#### Excerpted records
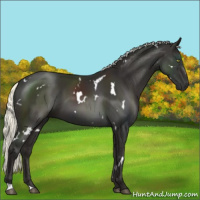 Horse Color:White Spotted Liver Chestnut Mushroom 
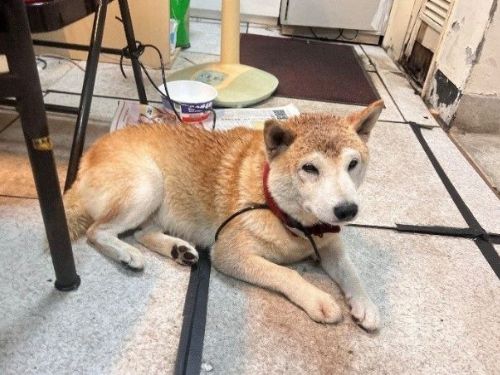 防雷聲驚嚇！北市動保處提醒飼主守護毛孩安全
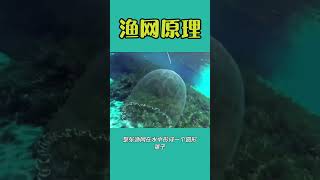 渔网原来是这样网鱼的 #科普知识 #解说 #百科密码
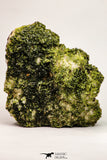 09113 - Slender Grass Green Epidote Crystals on Matrix Imilchil Mine Morocco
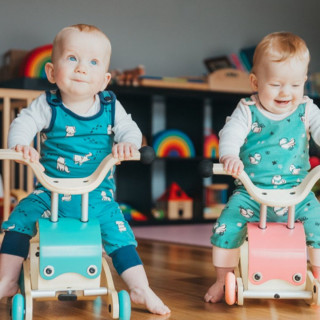 Wishbone osnova za Mini Flip guralicu 4 u 1 bela 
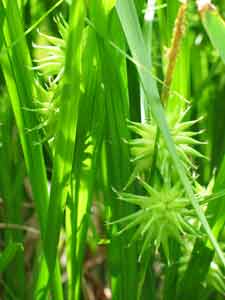 Photo 3 : Carex grayi (Laîche massue)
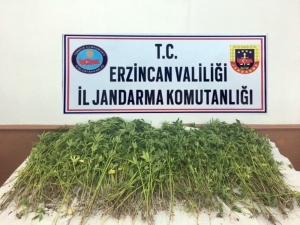 Erzincan’da Kök Kenevir Bitkisi Ele Geçirildi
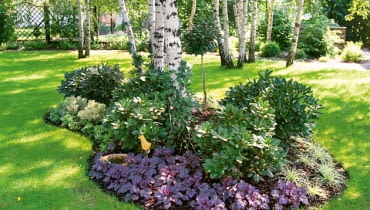 rośliny do ogrodu, rośliny ogrodowe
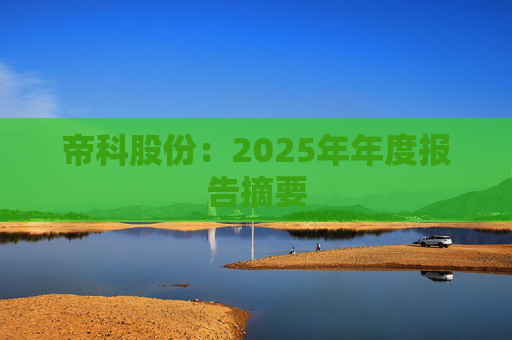 帝科股份：2025年年度报告摘要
########
What you have to do:
From the first line of the records through the line with "Photo 3 : Carex grayi (Laîche massue)", reproduce each line exactly and leave the pictures out.

Exercise result:
 Horse Color:White Spotted Liver Chestnut Mushroom 
 防雷聲驚嚇！北市動保處提醒飼主守護毛孩安全
 渔网原来是这样网鱼的 #科普知识 #解说 #百科密码
 09113 - Slender Grass Green Epidote Crystals on Matrix Imilchil Mine Morocco
 Wishbone osnova za Mini Flip guralicu 4 u 1 bela 
 Photo 3 : Carex grayi (Laîche massue)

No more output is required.